Thursday, April 28, 2016

The Potter




Kintsugi is the Japanese art of fixing broken pottery with precious metals such as gold, silver, or platinum. The result is a re-making of old, broken pottery into a new piece. A piece once again useful and arguably more valuable than before.  The practice is related to the Japanese philosophy known as wabi-sabi which looks for beauty in the flawed.

As a child of God who feels her age more and more each day, I am enamored by the metaphor of Kintsugi. I love the idea of taking something old and not only making it new again, but in the process making it even better than before.

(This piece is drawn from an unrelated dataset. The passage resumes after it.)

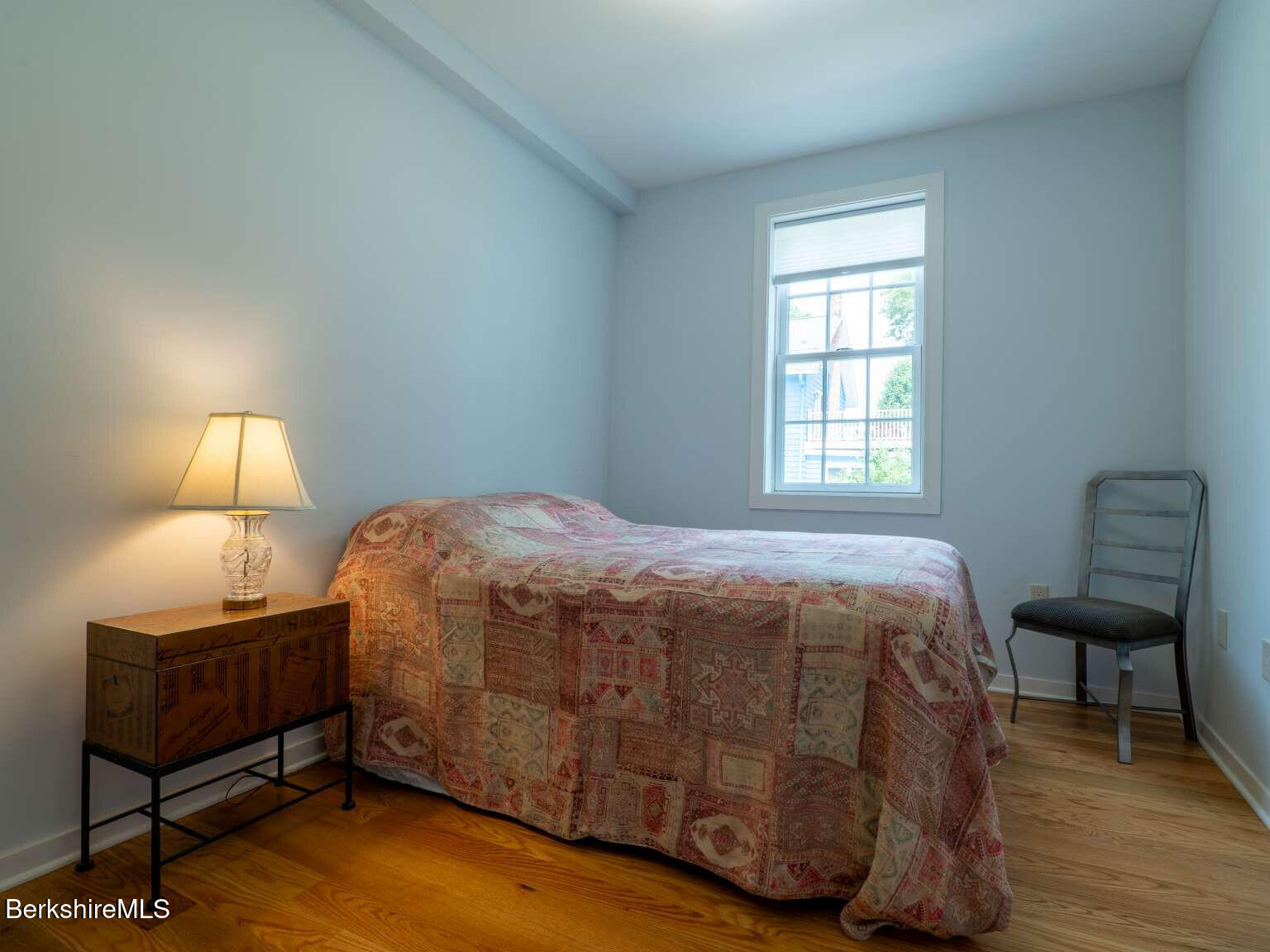 160 High Street Lee, MA 01238 - Photo 8 of 41 a bedroom with a bed a lamp and wooden floor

Be merciful to me, LORD, for I am in distress; my eyes grow weak with sorrow, my soul and body with grief. My life is consumed by anguish and my years by groaning; my strength fails because of my affliction, and my bones grow weak. Psalms 31: 9-10

I feel older by the day, hour minute. In the morning I carefully roll out of bed and limp until my legs seem to remember how to walk. Like a five-year-old just starting school routines I have to prepare my school bag the night before so I don’t forget important things like lessons, thumb drives, and lunch. During the day, I sit horribly close to the computer and squint while reading. Bedtime seems to always require some sort of anti-inflammatory or analgesic medication in order to bring on the respite of sleep. I even have broken bones fixed not with gold, but titanium steel.

 And let’s not even talk about my new fear of falling again.  My lifeline necklace is just around the corner.

Because of all my enemies, I am the utter contempt of my neighbors and an object of dread to my closest friends – those who see me on the street flee from me. I am forgotten as though I were dead; I have become like broken pottery. Psalm 31:11-12

I am not sure what made the Psalmist's friends flee from him, but I suspect my tendency to repeat favorite stories as if no one has heard them before contributes to the look I see in the eyes of my friends when I approach.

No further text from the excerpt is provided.